[SOURCE MATERIAL Boundary: Start]

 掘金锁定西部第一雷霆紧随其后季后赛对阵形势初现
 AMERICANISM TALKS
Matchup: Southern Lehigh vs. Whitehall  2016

[SOURCE MATERIAL Boundary: End]
[SOURCE MATERIAL Boundary: Start]

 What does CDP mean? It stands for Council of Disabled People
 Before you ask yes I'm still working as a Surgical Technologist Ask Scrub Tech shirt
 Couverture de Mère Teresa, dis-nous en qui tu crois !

[SOURCE MATERIAL Boundary: End]

REQUIREMENT: Look back at the data above. Transcribe exactly the lines starting at the line that contains "AMERICANISM TALKS" and ending at the line that contains "Matchup: Southern Lehigh".

ANSWER SECTION:
 AMERICANISM TALKS
Matchup: Southern Lehigh vs. Whitehall  2016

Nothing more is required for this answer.